▶ Data for the task:
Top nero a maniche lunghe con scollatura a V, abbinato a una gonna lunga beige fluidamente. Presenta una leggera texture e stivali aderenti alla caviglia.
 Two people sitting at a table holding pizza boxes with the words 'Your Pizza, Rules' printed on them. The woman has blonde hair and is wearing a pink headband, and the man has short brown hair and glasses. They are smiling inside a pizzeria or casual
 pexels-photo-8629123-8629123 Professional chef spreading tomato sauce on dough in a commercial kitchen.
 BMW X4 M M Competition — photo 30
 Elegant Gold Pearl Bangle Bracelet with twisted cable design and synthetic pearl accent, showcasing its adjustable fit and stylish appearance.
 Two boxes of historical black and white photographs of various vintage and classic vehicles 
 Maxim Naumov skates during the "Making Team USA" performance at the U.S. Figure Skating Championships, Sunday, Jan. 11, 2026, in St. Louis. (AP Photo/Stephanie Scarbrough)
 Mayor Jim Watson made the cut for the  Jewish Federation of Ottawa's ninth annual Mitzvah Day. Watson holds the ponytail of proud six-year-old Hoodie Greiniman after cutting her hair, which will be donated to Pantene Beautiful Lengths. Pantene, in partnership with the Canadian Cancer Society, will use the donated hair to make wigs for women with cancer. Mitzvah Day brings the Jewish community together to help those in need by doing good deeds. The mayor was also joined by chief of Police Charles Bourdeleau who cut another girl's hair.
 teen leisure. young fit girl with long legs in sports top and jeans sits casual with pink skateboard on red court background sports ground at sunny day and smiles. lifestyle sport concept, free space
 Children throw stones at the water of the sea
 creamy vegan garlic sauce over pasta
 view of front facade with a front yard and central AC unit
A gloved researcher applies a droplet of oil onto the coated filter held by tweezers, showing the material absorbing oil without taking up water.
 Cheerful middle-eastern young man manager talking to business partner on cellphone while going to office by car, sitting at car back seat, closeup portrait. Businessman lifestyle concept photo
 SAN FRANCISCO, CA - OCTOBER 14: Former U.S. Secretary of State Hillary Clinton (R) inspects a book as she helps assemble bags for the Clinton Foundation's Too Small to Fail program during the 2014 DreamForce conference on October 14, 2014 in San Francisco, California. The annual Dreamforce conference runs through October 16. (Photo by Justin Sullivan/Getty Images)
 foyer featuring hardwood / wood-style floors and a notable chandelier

▶ Exercise brief: Nothing should be returned except the lines from the one containing "A gloved researcher" through the last line of the data, each restated word for word.

▶ Result for this task:
A gloved researcher applies a droplet of oil onto the coated filter held by tweezers, showing the material absorbing oil without taking up water.
 Cheerful middle-eastern young man manager talking to business partner on cellphone while going to office by car, sitting at car back seat, closeup portrait. Businessman lifestyle concept photo
 SAN FRANCISCO, CA - OCTOBER 14: Former U.S. Secretary of State Hillary Clinton (R) inspects a book as she helps assemble bags for the Clinton Foundation's Too Small to Fail program during the 2014 DreamForce conference on October 14, 2014 in San Francisco, California. The annual Dreamforce conference runs through October 16. (Photo by Justin Sullivan/Getty Images)
 foyer featuring hardwood / wood-style floors and a notable chandelier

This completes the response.